04/15/2019 India (International Christian Concern) – Bharatiya Janata Party (BJP) leaders across India continue to use religiously charged rhetoric to motivate their voter base as Indians head to the polls. For religious minorities, there is a concern that this use of religious nationalism will result in their communities being harassed and relegated to second-class citizenship if the BJP wins the election.
On April 11 India’s national election began. In that election, some 900 million voters will choose 543 members of India’s national parliament. The party that wins the majority of those seats will form India’s next government after the election ends on May 23.
As a part of their campaign strategy, the BJP, an openly Hindu nationalist party, has and continues to use religious nationalism as means of motivating their voter base. Using religiously charged rhetoric and promoting Hindu nationalist policies, BJP leaders have pitted two identities of India against one another: India as a Hindu nation verses India has a secular nation.

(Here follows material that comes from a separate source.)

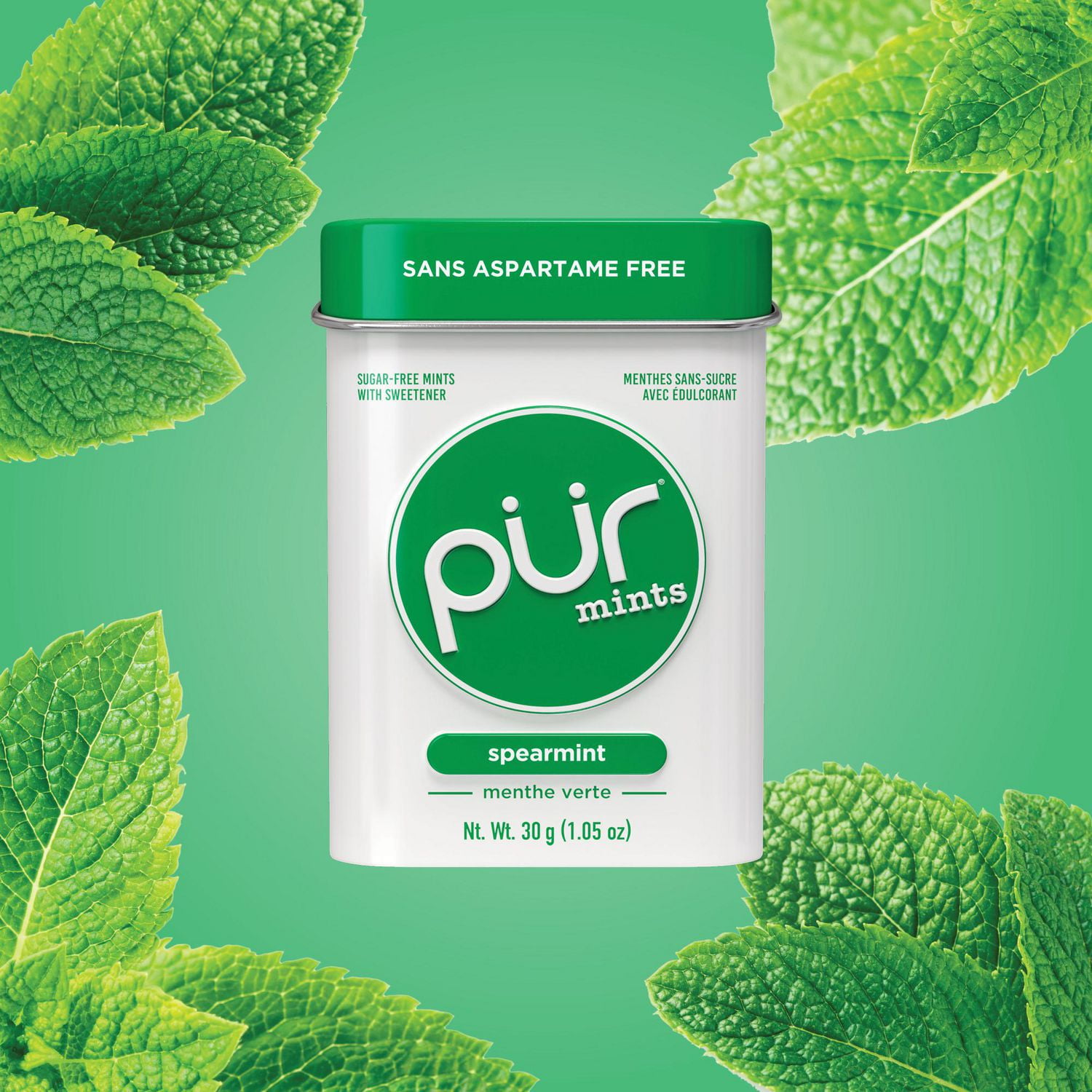 PUR Menthes, Sans Aspartame, Édulcorée au Xylitol, Saveur Naturel de Menthe Verte 30 Pièces, Paquet de 1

In addition, many BJP leaders continue to use rhetoric that disparages India’s religious minority communities.
Karnataka BJP Leader KS Eshwarappa, recently claimed that “Christians are not honest and loyal citizens of India.” In response, local Christians protested against this statement and called on Eshwarappa to publically apologize.
In Uttar Pradesh, BJP Leader and Chief Minister Yogi Adityanath equated the election to a contest between Ali, referring to the grandson of the Prophet Mohammad, and Bajrang Bali, a God championed by Hindus.
Finally, at a campaign rally last week in Darjeeling, BJP President Amit Shah said, “We will ensure implementation of NRC in the entire country. We will remove every single infiltrator from the country, except Buddha, Hindus and Sikhs.” Religious minorities across India were concerned by this extraordinary claim. Notably missing from the BJP President’s exemption for removal were the millions of Christians and Muslims who call India home.
Since the BJP took power in 2014, religious intolerance and attacks on religious minority communities have skyrocketed. In 2014, the Evangelical Fellowship of India (EFI) documented 147 violent attacks on India’s Christian community. In 2018, after four years of BJP rule, that number more than doubled to 325. Many blame this increase in religiously motivated violence on the BJP-led government because of the religiously charged rhetoric the party’s leadership uses for political gain.
With religious nationalism taking center stage at BJP campaign rallies, religious minorities have reason to be concerned about the consequences of a BJP victory next month.